Ha! I wrote a Christmas post. I deleted it. Certainly couldn’t have been classed as cheery. I guess I really am putting off  “the old man” and adopting a new heart. So, too all my acquaintances, friends and family…

Merry Christmas 😉

Crossfire Open House

Tuesday, November 18th, 2008

This past weekend Crossfire had an open house and a grand opening service in our new building. A lot of work and sacrifice went into getting the building ready. I have been injured the last 2 months and haven’t been able to make any contributions of time or elbow grease. Yet Sunday morning the pastoral staff allowed me to participate.

I wasn’t there. I was at home. As I lay in my bed early Sunday morning my thoughts turned to the church and what was happening that day. Words came to mind. After a bit of mulling over what was coming to me I got up and went to the computer. I wrote down those words, printed them out and sent them to the pastoral staff by my wife’s hand. They graciously read my comments to the church after the worship service. Here is what I wrote:

In the last century of the last millennium
God reached down and stepped onto
the earth where we stand today.
His people erected a building.
Their hearts were touched by God.
From here they stepped out
Into the community
And beyond to the world.

This day,
in a new century
of a new millennium,
a new generation stands
in this footstep of God.
If you incline your hearts to Him,
He will be faithful to fulfill
all the promises He has made.

You too will step out
into the community
and beyond to the world.
Through you He will show
His Power
His Wisdom
His Love.

You will become
a lamp on a hill
whose light will shine forth
for all to see.
God bless you all
on this day of
New Beginnings.

I wasn’t there but by allowing my words to be spoken… I was there in spirit. Thank you Roy and Patti.

Update

Wednesday, November 12th, 2008

Guess it is time to catch up. About my back injury… still hurts when I stand and can’t walk very far. Yet I think there is some improvement because I have cut back on the amount of drugs that I am taking. I also am finding it easier to sleep. I will be trying to get out to an evening meeting a couple of weeks from now. Got to start reaching beyond the doors of my house.

A month ago I took some restrictions off of the blog program. Sigh… and now I am getting a bit too much spam appearing on my site. So I put the restrictions back in. Shouldn’t make that much of a difference to those who are regular contributers. Others will have to wait for approuval before their comments appear.

A Good Sunday, A Bad Sunday and Pain

Monday, September 15th, 2008

On the 7th of the month I had the opportunity of presenting a one man play to the church. I thought it went well. During the entire event my back, which wasn’t doing to well, did not bother me. On the 14th my back was so bad I couldn’t make it out to church at all.

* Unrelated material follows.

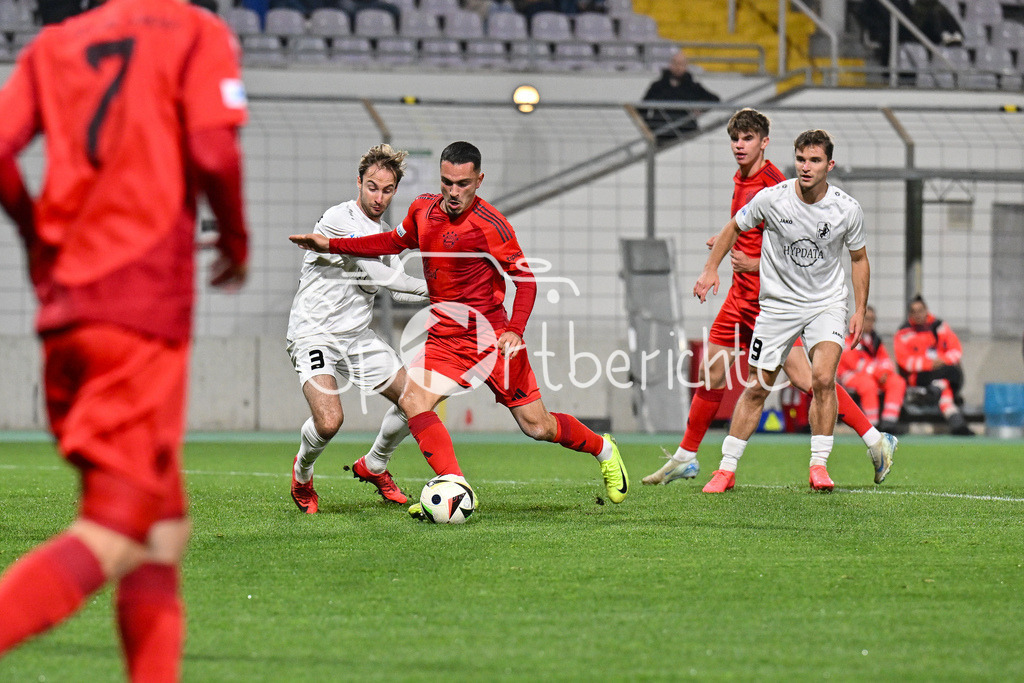 FC Bayern Amateure - TSV Schwaben Augsburg | im Duell Nicola Della SCHIAVA (TSV #3) und Arijon IBRAHIMOVIC (FC Bayern München II #10) / Zweikampf / Regionalliga Bayern: FC Bayern Muenchen II - TSV Schwaben Augsburg, Gruenwalder Stadion am am 25.10.2024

It is an on again – off again problem. Over the past few months things have gotten worse. I thank God that he was with me on the 7th. Yet the pain now wants to be my constant companion. It is at the point that other ministries I am involved with will be missed. Now I am not complaining (too much) because it is a far cry from the back disasters of the past. I just want it to stop. I am asking for prayer that God will release his Spirit to heal the problem.

Honestly… a few days ago I was talking to God and came to realize that I am quite angry with him. It is the brooding storm within my mind that I did not want to confront. How can I be angry with God? He has done so much for me… more than you can possibly know… yet there, in the corner of my heart… anger at not being healed.

I had those who were anointed speak about a healing. I know of divine health. Yet it always seems to be out of reach. Is my anger getting in the way? I don’t know. I am just a king’s kid in pain wanting and waiting for the touch.

Oh I know that there are other people far worse off than me. Yet my pain is also real. It gets in the way. It holds me back. Can’t sleep, can hardly walk and the simplest of tasks will send me to my chair in pain. Oh, it will get better and not worse, I hope. And with your prayers perhaps God will touch me enough to let me continue.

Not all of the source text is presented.